Porque é que não exigimos os dados?
É fácil dizer que “as pessoas não querem saber”. Mas não é verdade. As pessoas preocupam-se — com justiça, com estabilidade, com o futuro.
A explicação está mais no que nos faz humanos:
Emoção > Informação
O nosso cérebro reage primeiro à emoção. A amígdala (a parte do cérebro que processa emoções) reage antes do raciocínio entrar em ação.
Como explicou o neurocientista Antonio Damasio, “não somos máquinas de pensar que sentem; somos máquinas de sentir que pensam”.
É por isso que discursos que despertam medo, orgulho ou raiva ficam mais na memória do que gráficos ou estatísticas.
Viés de confirmação
Tendemos a dar mais atenção às ideias que confirmam o que já acreditamos. Mesmo quando há provas em contrário, o nosso cérebro tenta proteger as nossas convicções.
Na política, isso cria bolhas onde deixamos de questionar e só ouvimos quem diz o que queremos ouvir.
Excesso de informação
Somos bombardeados por notícias, opiniões, notificações e dados. Para gerir tudo, o cérebro simplifica.
Preferimos mensagens claras e diretas a análises complexas. O nosso sistema nervoso simplesmente não aguenta estar sempre em modo “crítico”.
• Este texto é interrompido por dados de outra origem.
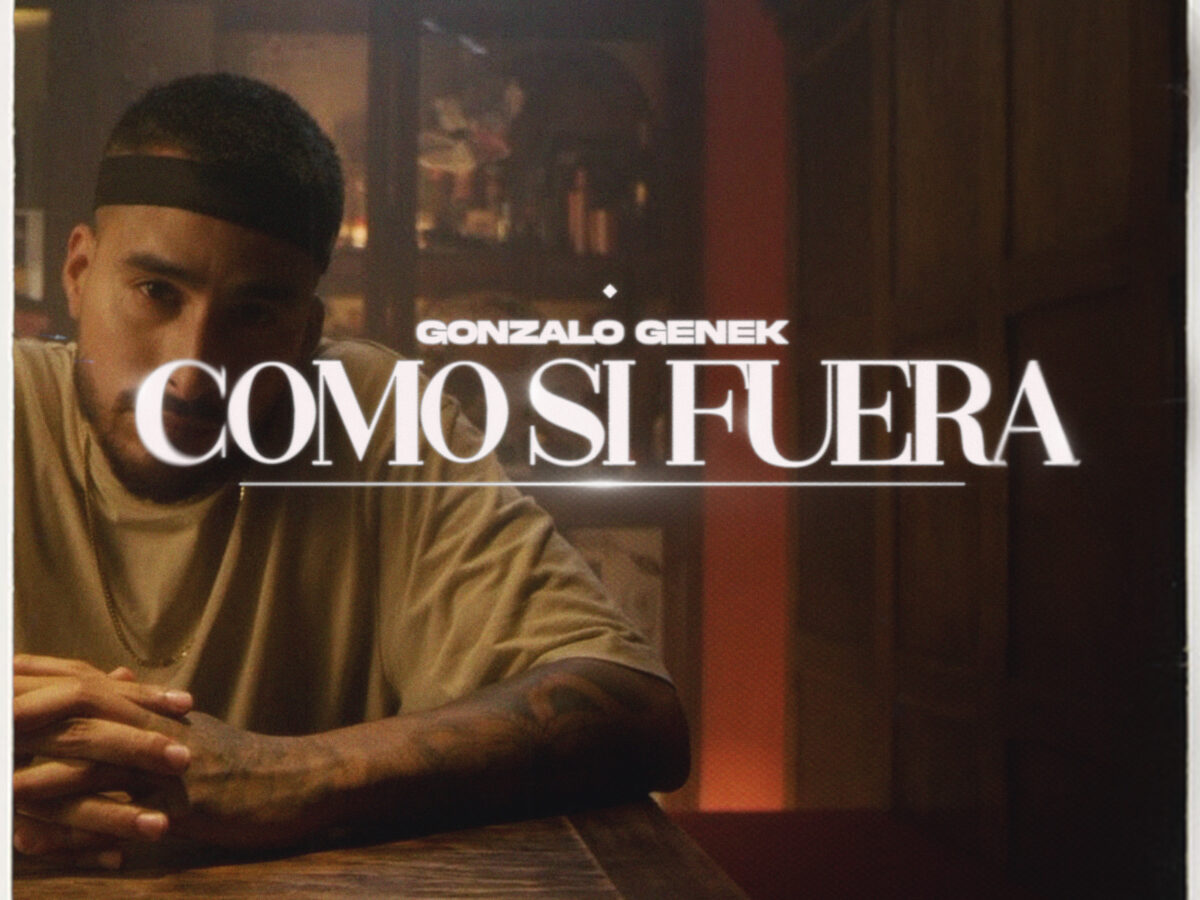 gonzalo genek presenta como si fuera unnamed 6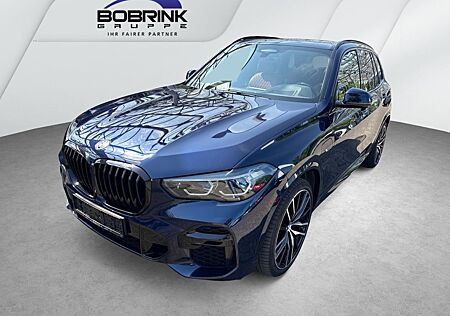 BMW X5 xDrive45e Hybrid M Sport Laser Pano Head Up
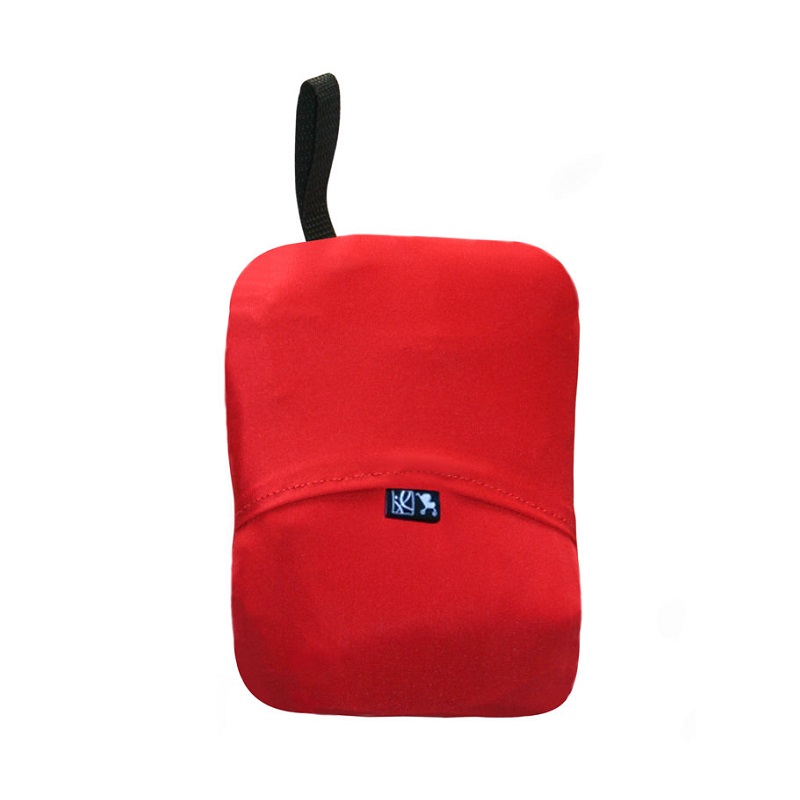 Transport bag for strollers JL Childress Gate Check Red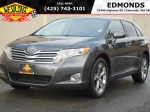 2010 Toyota Venza Base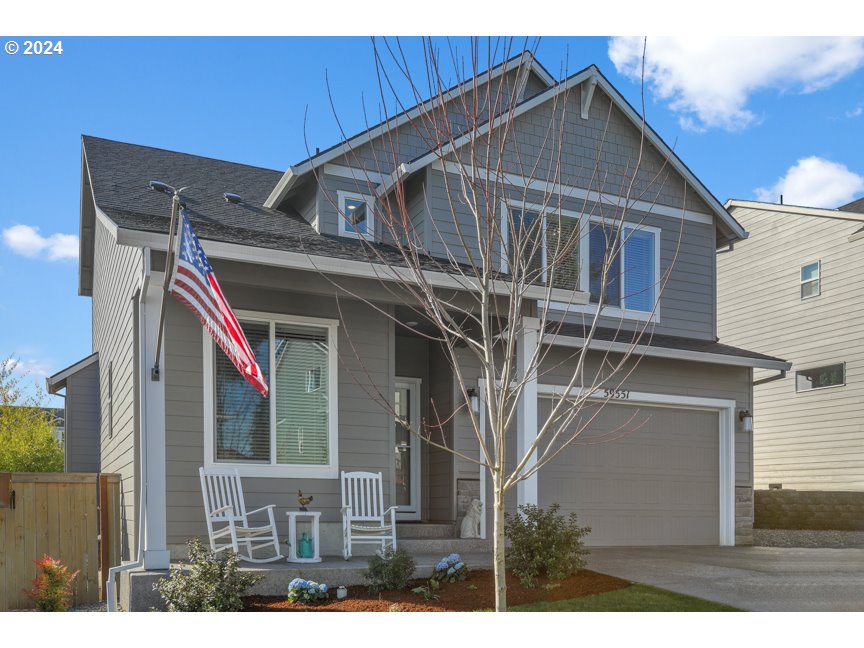 59551 Emerald Loop St. Helens, OR 97051 - Photo 1 of 40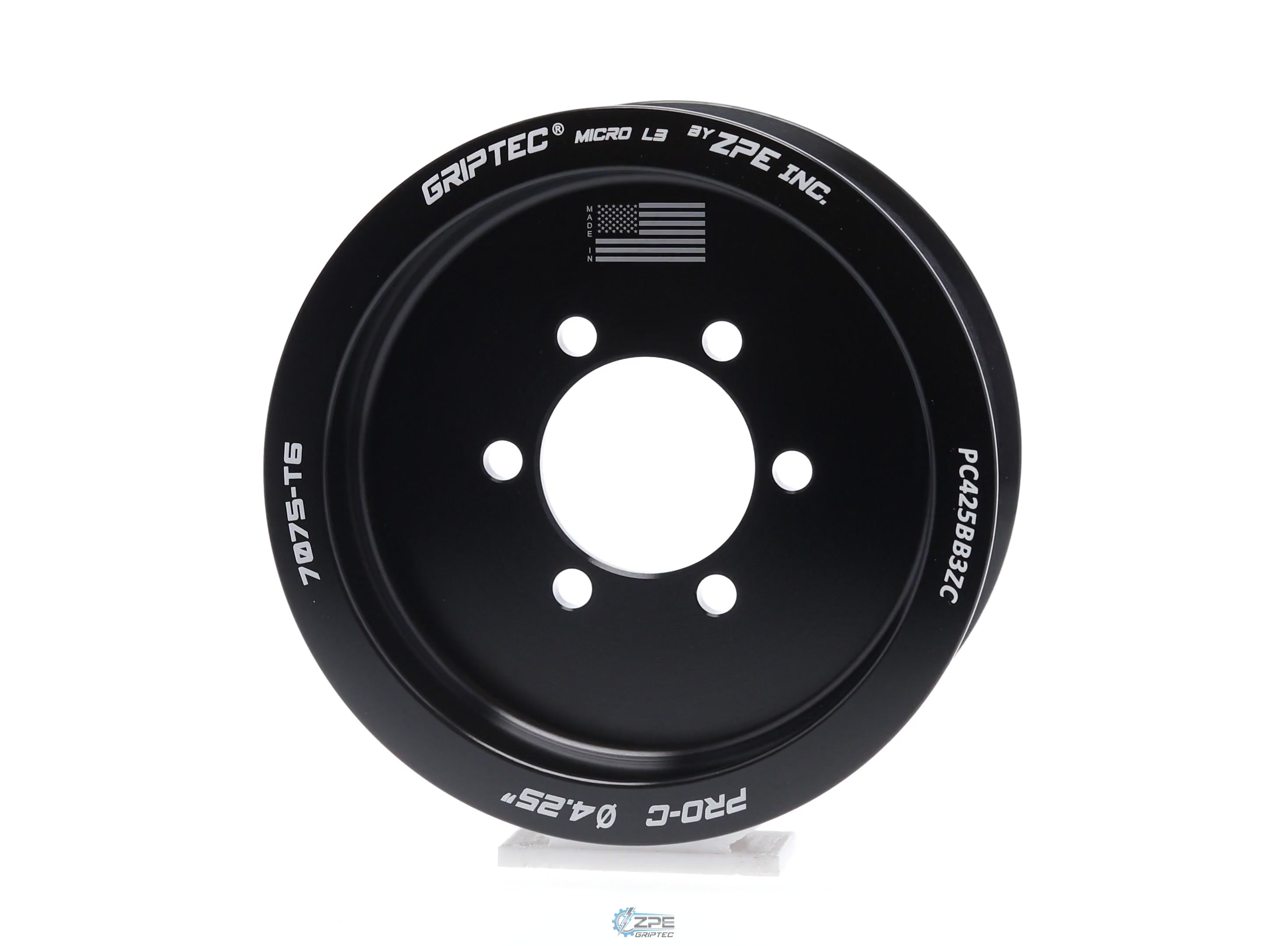 Street Driven Performance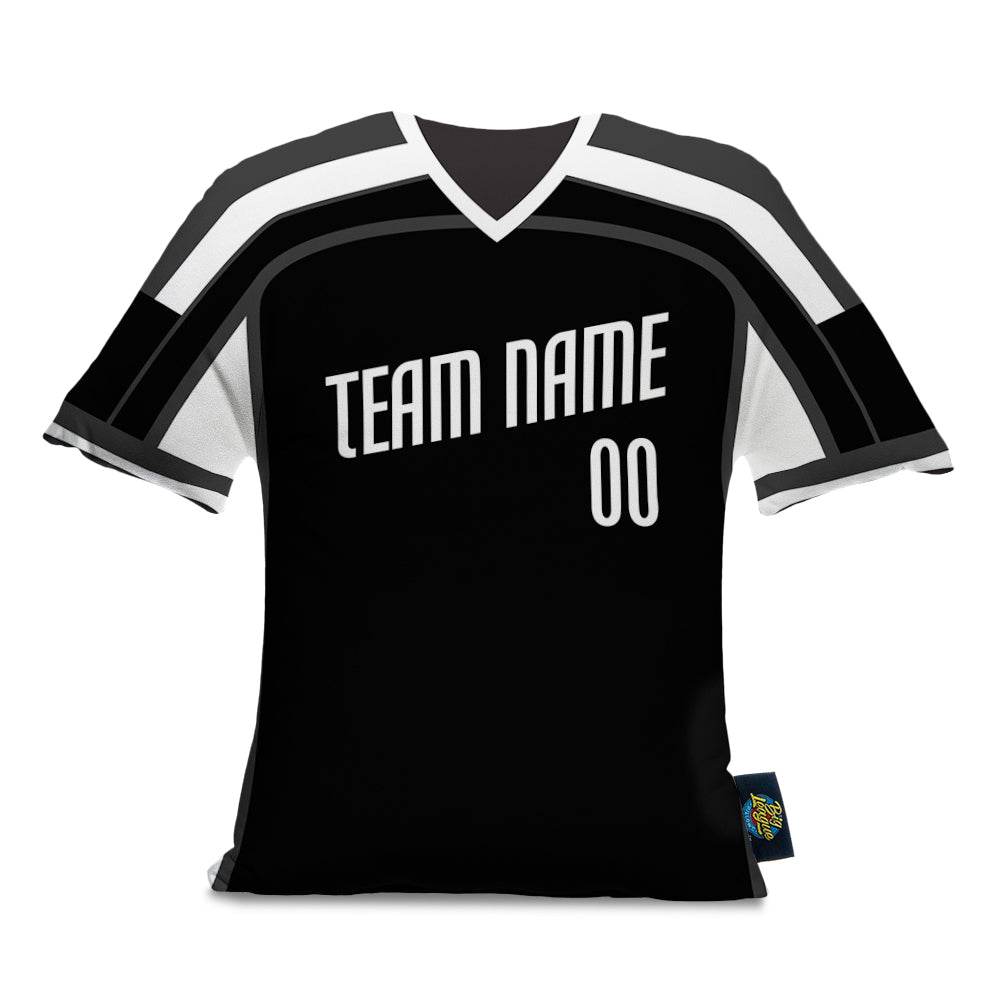 Soccer - Style 6: Runnin' Rabona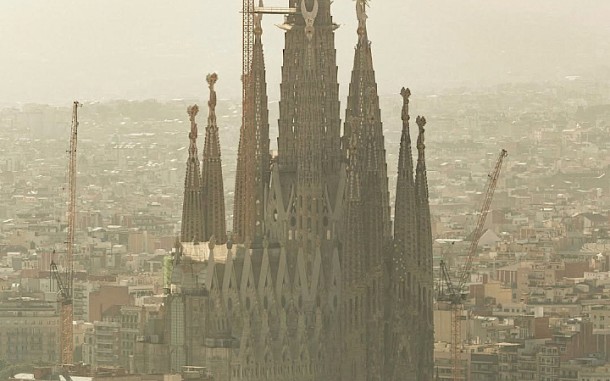 Sagrada Familia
Falta de confiança nas instituições
Quando as pessoas deixam de confiar nas instituições, também deixam de confiar nos dados — mesmo quando são verdadeiros.
O que sentimos sobre quem diz algo torna-se mais importante do que aquilo que está a ser dito.
Cansaço e desmotivação
Estar constantemente a tentar perceber o que é verdade e o que é manipulação cansa.
Chega a um ponto em que muitos preferem desligar. Só querem alguém que tome decisões, mesmo que não mostre provas.
E agora?
Esta questão não é sobre partidos ou ideologias. É sobre responsabilidade num tempo em que temos ferramentas e conhecimento como nunca antes.
Conseguimos medir o impacto de uma campanha em tempo real. Sabemos como as pessoas reagem a decisões. Temos formas de prever riscos sociais.
Então porque é que ainda aceitamos decisões que não mostram dados, nem resultados?
Se numa empresa pedimos métricas para cada funcionalidade, porque é que não pedimos o mesmo a quem decide sobre saúde, educação ou direitos?
Vivemos nós uma era de dados, desperdiçada?
As ferramentas estão cá. Os dados existem. A ciência também.
Mas enquanto as decisões políticas forem mais sobre performance do que progresso —
E enquanto formos mais movidos por discursos do que por provas —
Vamos continuar a viver com uma mentalidade do século XX num mundo do século XXI.
Em 2025, os dados deviam ser o início da conversa política — não aquilo que falta no fim.
Deixo a pergunta: num mundo cheio de respostas, porque continuamos a seguir quem não nos dá nenhuma?